• **What you need to do**:
Without the pictures, write the listing out again exactly as it appears.

Data provided section start

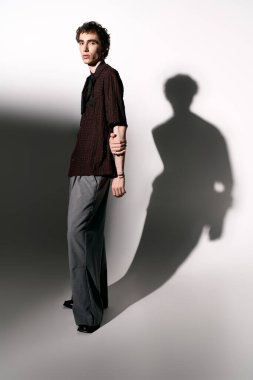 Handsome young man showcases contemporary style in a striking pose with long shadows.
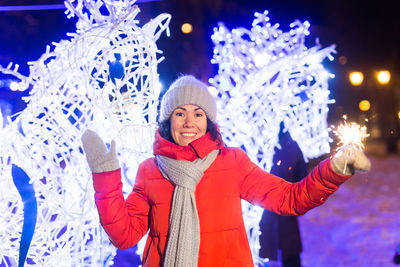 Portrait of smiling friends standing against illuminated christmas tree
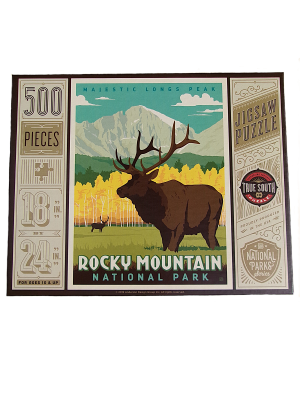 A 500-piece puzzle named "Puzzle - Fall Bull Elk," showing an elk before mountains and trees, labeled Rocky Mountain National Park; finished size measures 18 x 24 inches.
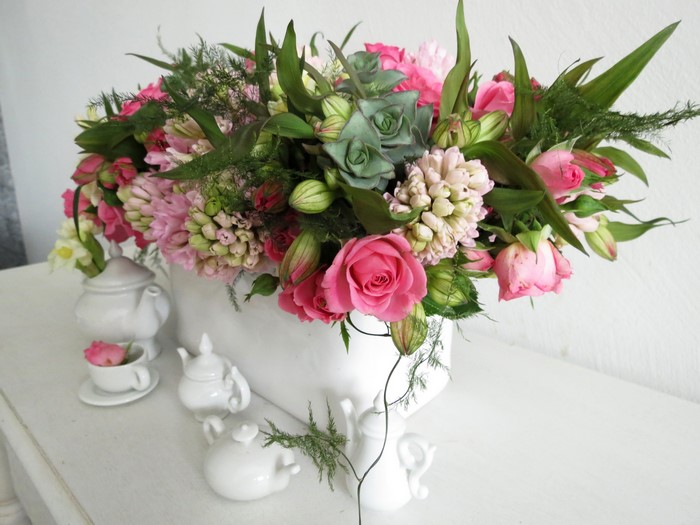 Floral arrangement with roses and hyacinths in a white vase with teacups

Data provided section end

• **Answer**:
 Handsome young man showcases contemporary style in a striking pose with long shadows.
 Portrait of smiling friends standing against illuminated christmas tree
 A 500-piece puzzle named "Puzzle - Fall Bull Elk," showing an elk before mountains and trees, labeled Rocky Mountain National Park; finished size measures 18 x 24 inches.
 Floral arrangement with roses and hyacinths in a white vase with teacups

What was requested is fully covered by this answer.